Earlier this evening a friend sent me a link to this blog post. Having only recently been introduced to a gin that didn’t feel like fire, I was highly amused by the title and the image from the text of all of the US and UK simultaneously drunk on gin and overpopulation, well, it kept me reading (really – go read it). And at the end, my brain was recognizing that I can no longer handle non-interactive content without getting bored unless it is nuanced or artistic. For instance, Moulin Rouge sucked me in, as did Across the Universe. I require either nuance/artistry, interactivity, or multiple inputs. My personal bandwidth is high and demands to be fully sated with every bite. I am not a “Let’s watch Friends and eat chessy fries” kind of girl. That type of life would be lost in this household. While I write, my husband sits and plays ukulele with a dog in his lap (It’s the funniest thing I’ve seen all day), I blog, and we have on CSI on while we occasionally chat with one another or with folks on IM. This is downtime. This is us relaxing. This is two geeky smart people who blog doing 3 things instead of 30 as we enjoy the evening.

Our multi-pathway approach to life leads us to search out things that engage – flash based, flex coded websites that ask “Who are you? How can I challenge your mind/humor/aesthetics/body?” Sound embedded, video playing codes blink dynamic content across both of our screens across the day. Static sites don’t get much attention except as references. We want our toys to play with us, challenge us, and leave are brains filled with something new.

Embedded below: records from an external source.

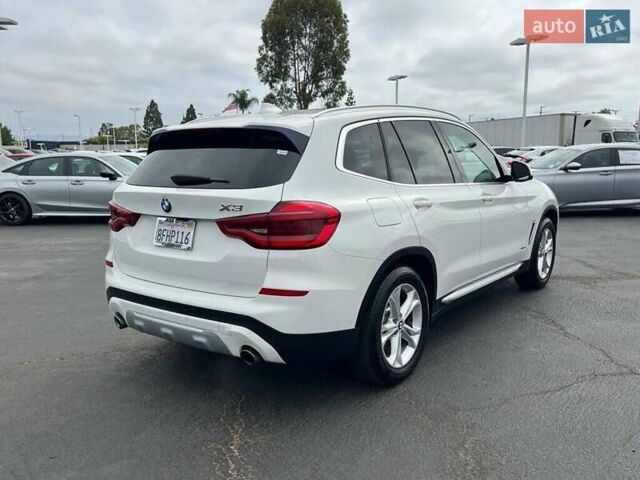 Білий БМВ Х3, об'ємом двигуна 2 л та пробігом 82 тис. км за 9800 $, фото 4 на Automoto.ua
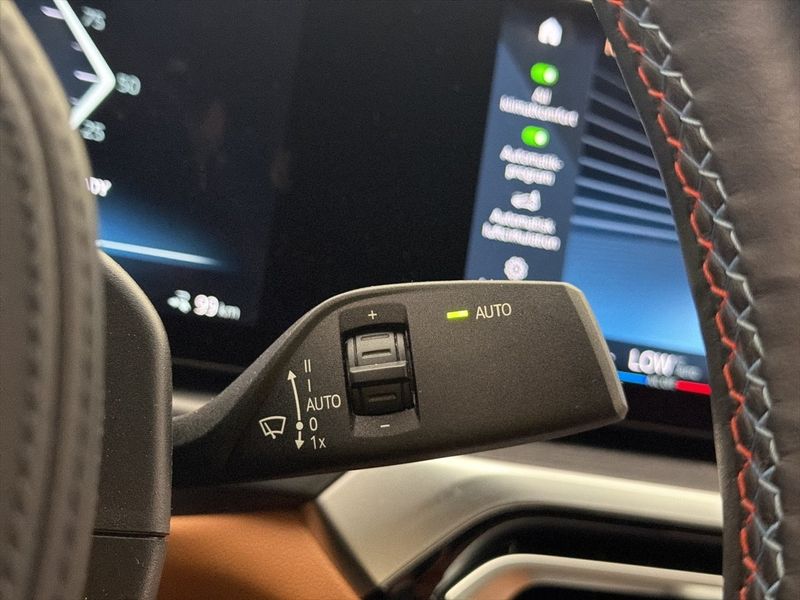 BMW i4 bild 26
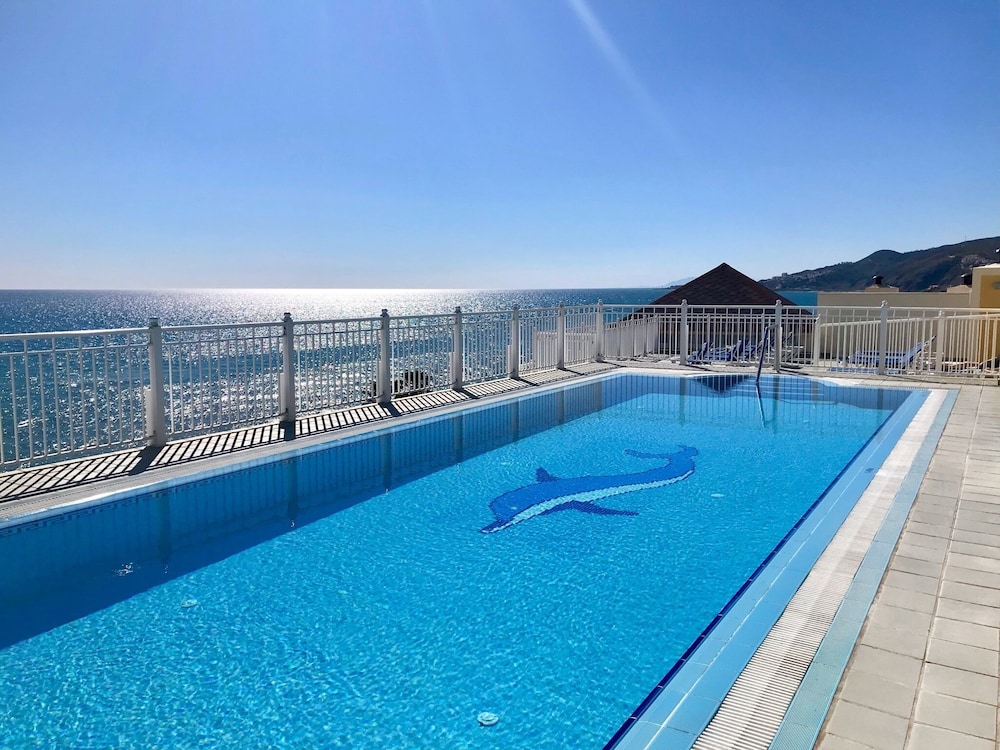 Hotel Perla Marina - Image 1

This is us at 30-something. What will tomorrows smart geek grow into? It is always a fascinating game to guess at tomorrows child’s lifestyle. I learned to count so I could find Pong on the Apple’s tape drive. I learned to type before I could write so I could call up Space Invaders. I learned to write Basic and play piano at the same young age (and really, one should not code Basic to play ones piano homework on an Atari). That childhood created an adult that sees a computer in the living room as normal as a couch, and a previously single women who was once caught in a bar with a laptop and no pen when asked for her number.

As we and our children switch over to spending our leisure lessoning our stress by classifying galaxies and dynamically identifying dust, what new doors are we opening? Instead of doing Suduko on a sub, will tomorrow’s kids test cosmological models on commuter trains? It will be a brave new world. I can’t wait to see it.